• Dataset records:
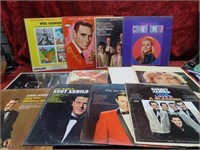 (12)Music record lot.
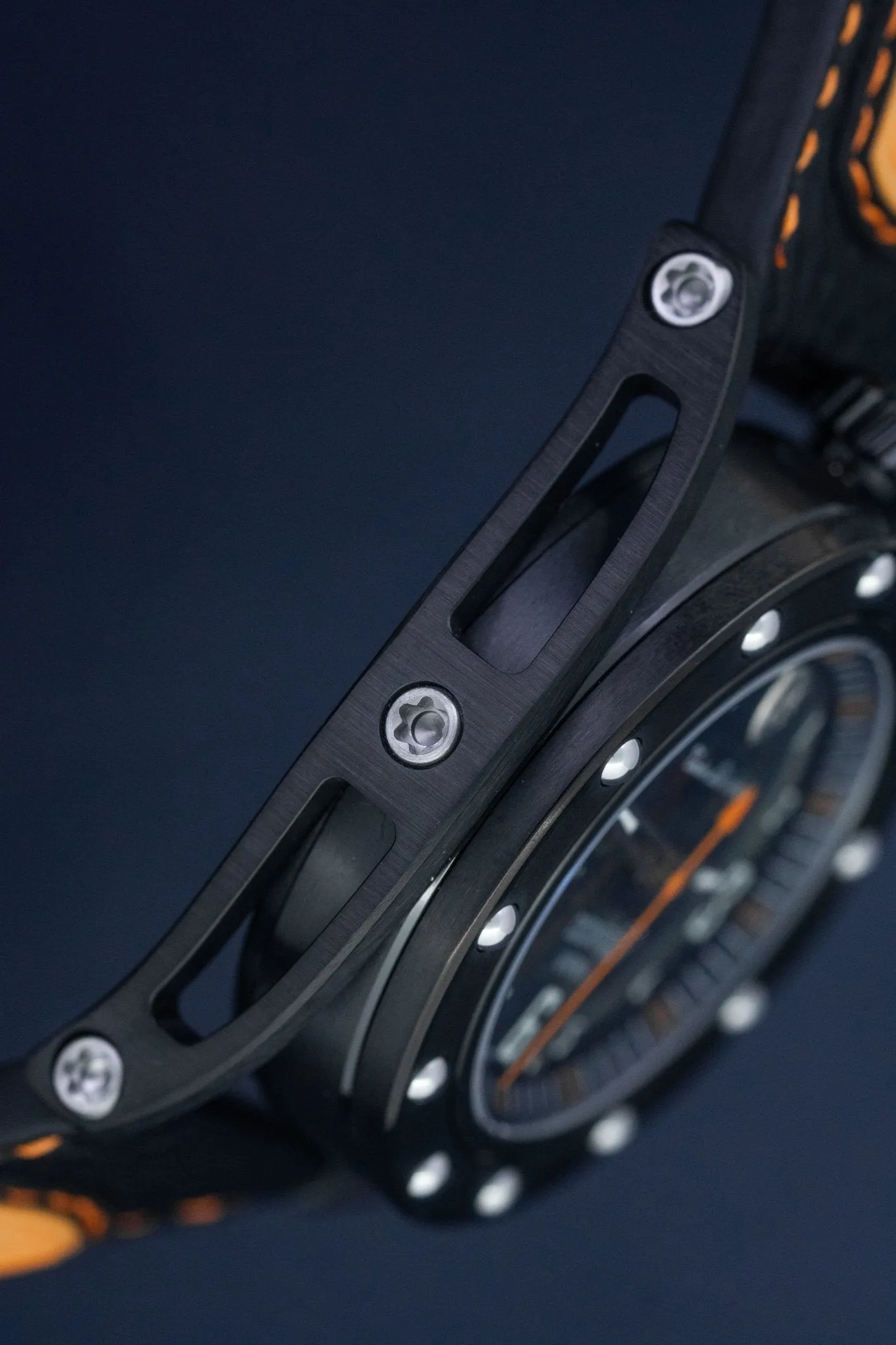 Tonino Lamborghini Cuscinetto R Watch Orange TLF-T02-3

---

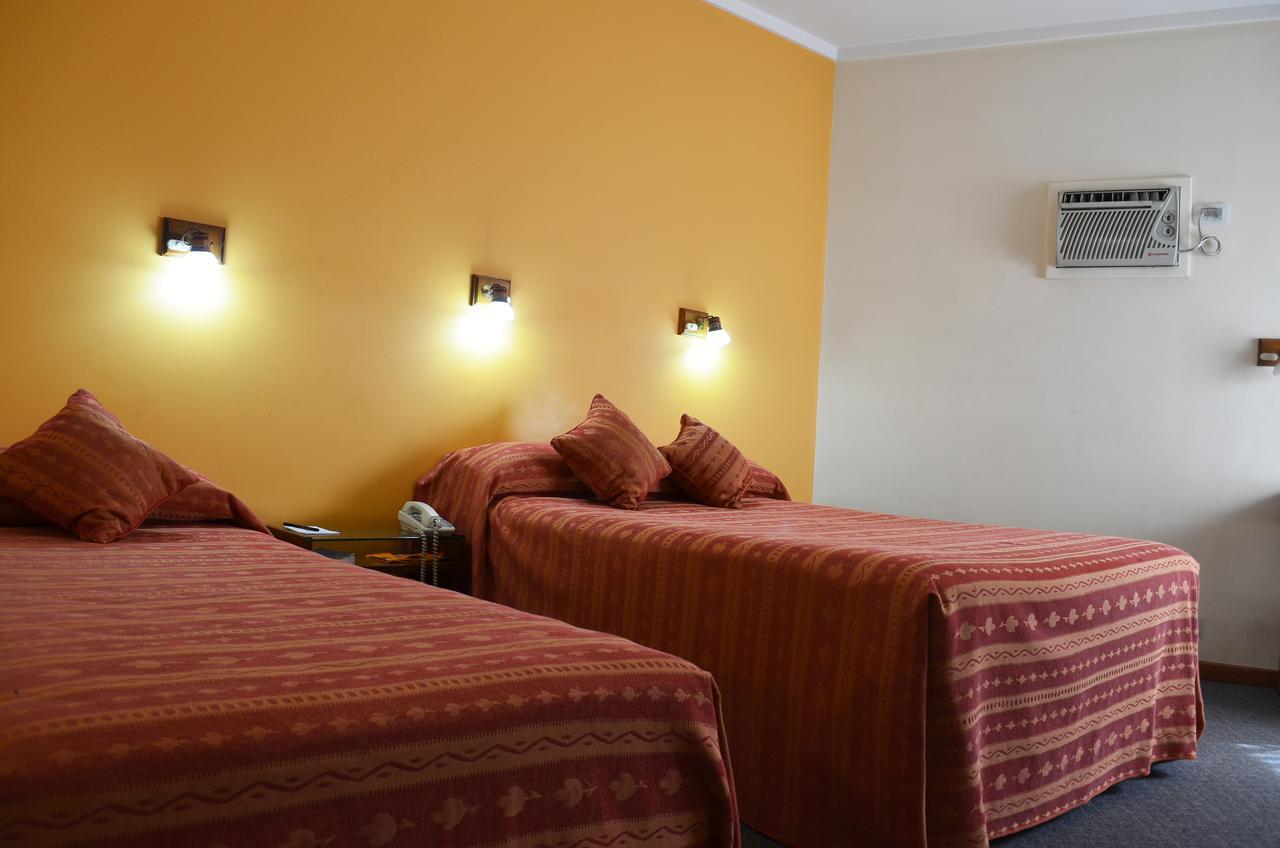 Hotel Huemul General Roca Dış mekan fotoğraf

• Task to carry out: Look above for the line with "(12)Music record lot." and the line with "Tonino Lamborghini Cuscinetto". Output those two and everything between them exactly, pictures excluded.

• Solution for this problem:
 (12)Music record lot.
 Tonino Lamborghini Cuscinetto R Watch Orange TLF-T02-3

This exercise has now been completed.